I prefer to use very well-cooked quinoa for this recipe. Though I usually toast my quinoa before cooking it, I didn't find it necessary for this recipe. If you cook it in tomato soup (my preference) or in vegetable broth, the flavor of the burgers will be enhanced - But reduce the salt in the recipe by half. To prepare the quinoa, cook 1/2 cup of quinoa in 1 cup of liquid. Bring to a boil, cover and reduce heat to low. Simmer for 15 minutes or until tender. Remove from heat but keep covered, and allow to continue steaming until very soft and fluffy.
When I was making these, my mother asked what I was cooking. When I told her, she gave me a funny look. Turned out she thought I'd said "quinoa-kundalini burgers". So from now on, cannellini beans shall be known as "kundalini beans"!

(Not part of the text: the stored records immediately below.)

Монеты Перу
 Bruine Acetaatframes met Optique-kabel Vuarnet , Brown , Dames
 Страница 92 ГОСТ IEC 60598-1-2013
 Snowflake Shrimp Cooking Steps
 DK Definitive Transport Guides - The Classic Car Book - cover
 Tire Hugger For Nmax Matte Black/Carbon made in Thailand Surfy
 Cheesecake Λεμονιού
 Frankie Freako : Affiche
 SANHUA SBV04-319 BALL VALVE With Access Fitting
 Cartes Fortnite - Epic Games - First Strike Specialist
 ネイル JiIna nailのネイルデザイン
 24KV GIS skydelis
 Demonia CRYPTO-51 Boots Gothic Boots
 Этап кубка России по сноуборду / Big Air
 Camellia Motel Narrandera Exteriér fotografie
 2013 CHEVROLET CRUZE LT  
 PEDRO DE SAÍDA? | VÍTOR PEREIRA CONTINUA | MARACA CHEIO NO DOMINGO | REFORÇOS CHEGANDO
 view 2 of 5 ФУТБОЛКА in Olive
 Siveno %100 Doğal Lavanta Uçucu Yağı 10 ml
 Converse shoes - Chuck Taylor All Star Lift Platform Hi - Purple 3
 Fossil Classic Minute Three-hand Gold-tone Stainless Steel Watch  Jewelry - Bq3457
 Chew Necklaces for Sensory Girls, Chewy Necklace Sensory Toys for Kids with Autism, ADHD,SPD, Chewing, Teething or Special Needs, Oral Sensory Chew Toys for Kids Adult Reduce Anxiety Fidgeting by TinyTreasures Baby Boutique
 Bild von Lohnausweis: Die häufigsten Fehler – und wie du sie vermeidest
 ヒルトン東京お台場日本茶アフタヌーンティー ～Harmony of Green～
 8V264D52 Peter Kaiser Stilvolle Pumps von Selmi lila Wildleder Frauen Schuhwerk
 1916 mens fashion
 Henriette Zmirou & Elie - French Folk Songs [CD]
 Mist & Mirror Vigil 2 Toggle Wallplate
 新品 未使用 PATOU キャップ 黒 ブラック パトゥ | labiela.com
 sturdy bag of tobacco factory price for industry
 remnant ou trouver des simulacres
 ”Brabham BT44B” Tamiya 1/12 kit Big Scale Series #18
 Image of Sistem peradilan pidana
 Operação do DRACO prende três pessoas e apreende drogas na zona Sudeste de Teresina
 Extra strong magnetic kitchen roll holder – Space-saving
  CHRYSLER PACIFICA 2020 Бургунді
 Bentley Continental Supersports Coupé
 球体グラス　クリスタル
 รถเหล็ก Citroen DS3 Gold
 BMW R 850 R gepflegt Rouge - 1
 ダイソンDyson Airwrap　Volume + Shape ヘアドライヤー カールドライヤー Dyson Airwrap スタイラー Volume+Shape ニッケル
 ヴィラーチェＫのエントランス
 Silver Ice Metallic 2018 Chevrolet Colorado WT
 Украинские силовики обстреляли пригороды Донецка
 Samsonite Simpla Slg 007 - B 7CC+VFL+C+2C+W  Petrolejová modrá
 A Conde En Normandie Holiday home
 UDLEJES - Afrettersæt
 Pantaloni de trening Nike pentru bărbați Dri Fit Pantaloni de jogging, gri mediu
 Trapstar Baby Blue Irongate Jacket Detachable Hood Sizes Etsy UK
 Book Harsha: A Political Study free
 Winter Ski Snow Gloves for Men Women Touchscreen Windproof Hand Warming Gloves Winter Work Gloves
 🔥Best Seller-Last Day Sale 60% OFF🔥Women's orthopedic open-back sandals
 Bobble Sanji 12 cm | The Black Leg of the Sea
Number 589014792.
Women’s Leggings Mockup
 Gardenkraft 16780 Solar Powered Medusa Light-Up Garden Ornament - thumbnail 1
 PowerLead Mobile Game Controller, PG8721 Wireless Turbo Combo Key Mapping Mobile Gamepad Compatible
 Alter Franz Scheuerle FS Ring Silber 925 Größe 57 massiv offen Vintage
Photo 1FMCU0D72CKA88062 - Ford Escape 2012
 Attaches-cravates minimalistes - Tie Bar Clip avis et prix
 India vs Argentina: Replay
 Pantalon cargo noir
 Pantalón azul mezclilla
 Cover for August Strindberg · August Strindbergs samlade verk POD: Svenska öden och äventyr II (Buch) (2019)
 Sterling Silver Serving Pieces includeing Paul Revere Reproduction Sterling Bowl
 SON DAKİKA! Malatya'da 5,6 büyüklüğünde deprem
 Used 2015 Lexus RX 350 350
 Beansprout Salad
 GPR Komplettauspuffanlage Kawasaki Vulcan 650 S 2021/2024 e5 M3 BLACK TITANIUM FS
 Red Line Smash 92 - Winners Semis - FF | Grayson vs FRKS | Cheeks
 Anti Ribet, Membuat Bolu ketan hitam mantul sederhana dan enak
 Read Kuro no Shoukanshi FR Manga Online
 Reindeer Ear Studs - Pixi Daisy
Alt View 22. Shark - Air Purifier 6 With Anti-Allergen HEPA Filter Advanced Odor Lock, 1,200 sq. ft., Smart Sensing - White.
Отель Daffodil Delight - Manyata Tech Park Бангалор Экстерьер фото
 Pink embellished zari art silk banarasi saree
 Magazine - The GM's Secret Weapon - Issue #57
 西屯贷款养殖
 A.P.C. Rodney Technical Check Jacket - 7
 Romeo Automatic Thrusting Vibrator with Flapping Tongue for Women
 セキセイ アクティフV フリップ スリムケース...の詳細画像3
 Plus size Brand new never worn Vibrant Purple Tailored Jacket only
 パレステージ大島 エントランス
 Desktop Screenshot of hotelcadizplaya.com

VEGETARIAN QUINOA-CANNELLINI BURGERS
a/k/a Quinoa-Kundalini Burgers
[ Gluten-Free / Soy-Free / Nut-Free / Vegetarian / Pareve ]
1 cup canned cannellini beans, drained and rinsed
1 cup cooked quinoa, firmly packed
3 cloves garlic, minced finely
1 jalapeno, minced, including seeds
1 tsp fresh thyme
1 cup grated carrot
1 egg, lightly beaten
1/2 tsp salt
3/4 cup sweet sorghum flour
Generous amount of fresh ground black pepper
1/4 cup light olive oil or canola oil, for frying
Additional sorghum flour for dredging
Using the back of a fork, mash the beans slightly (they should not be completely smooth). Add all other ingredients except olive oil and flour. Mix thoroughly with a wooden spoon. Slowly sprinkle in 3/4 cup of sorghum flour, combining until a loose "dough" is formed that is dense enough to be handled (use additional flour if necessary).
In a 12" pan, heat up oil over medium-high heat. Sprinkle 1/2 cup of additional sorghum flour on a plate or in a pie tin. Compress "dough" between your hands to form 1/2" thick patties of about 4" diameter. One by one, carefully dredge them in sorghum flour, making sure the flour is distributed on both sides and along the edges of each patty. Use a slotted spatula to transfer carefully into hot oil. Cook for 3-5 minutes on each side, or until golden-brown and slightly crisp. In between batches you may want to replace the oil. Remove burgers from oil and place on a plate lined with paper towel or pieces of brown paper bag to absorb excess oil. Serve hot.